Overview
This Python script generates simulated security scan data for network assessments, including ACAS scans, HBSS scans, and Active Directory (AD) scans. Designed to help cybersecurity professionals and enthusiasts, it offers a practical tool for generating realistic datasets. These datasets can be used for testing, training, or demonstration purposes in various security and IT infrastructure contexts. The script creates overlap in IP addresses across scans to reflect real-world network scenarios, enhancing the authenticity of the data for analytical exercises. Features
ACAS Scan Data Generation: Simulates vulnerability scan results with varied severities and CVEs.
HBSS Scan Data Generation: Generates host-based security system scan outcomes, including mitigation statuses.
AD Scan Data Generation: Creates user activity logs within an Active Directory environment, complete with IP addresses and login timestamps.
Realistic Data Simulation: Ensures IP address overlap across datasets to mimic actual network environments.
Requirements
Python 3.6+
pandas
Installation
First, ensure Python 3.6 or newer is installed on your machine. Python can be downloaded from the official website: https://www.python.org/downloads/.
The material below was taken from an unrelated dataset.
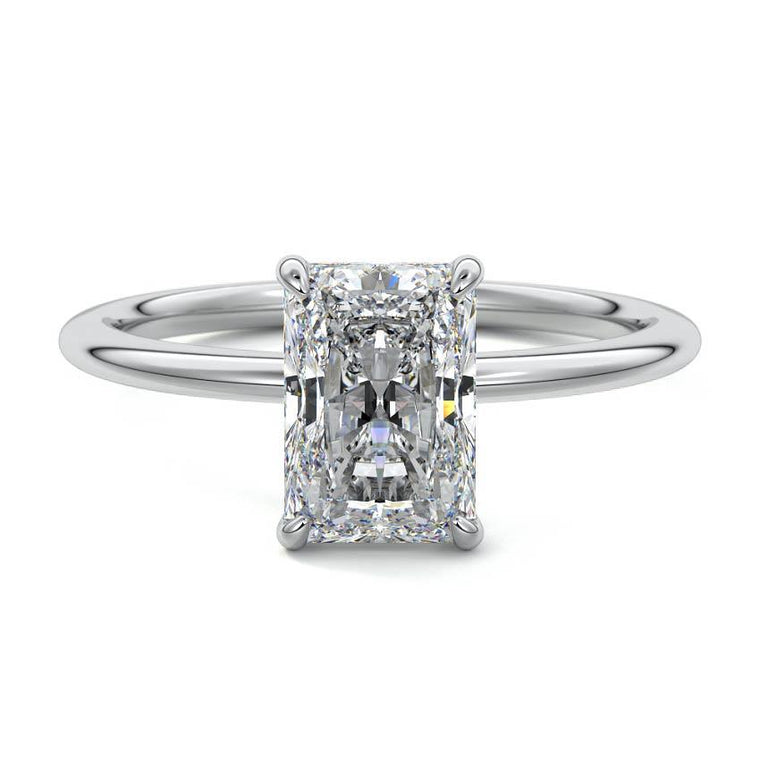 14K White Gold Radiant Lab Grown Diamond Engagement Ring 3.10CTW (100885)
Then, install the required Python packages using the following command:
bash
pip install pandas
Usage
To use the script:
Modify Output Directory: Open the script in a text editor and adjust the valid_path variable to your desired output directory for the CSV files.
Run the Script: Execute the script from your terminal or command prompt:
bash
python /path/to/generate_sample_scans.py
Replace /path/to/ with the actual directory path where the script is saved.
Check the Output: Upon successful execution, the script generates three CSV files:
acas_sample.csv: Contains ACAS scan data.
hbss_sample.csv: Contains HBSS scan data.
ad_scan_sample.csv: Contains AD scan data.
Each file will be saved in the directory specified by the valid_path variable. Customization
You can customize the script to generate different amounts of data or to simulate different scenarios by adjusting the num_records parameter within each function. Additionally, you can modify the IP address generation logic if you need a specific subnet or range. Contributing
Contributions are welcome! If you have suggestions for improving this script or have developed features that could benefit others, please feel free to share. Fork this repository, commit your changes, and open a pull request.
This tool was developed to support the cybersecurity community, offering a free resource for training, testing, and research purposes. I hope it serves your needs effectively.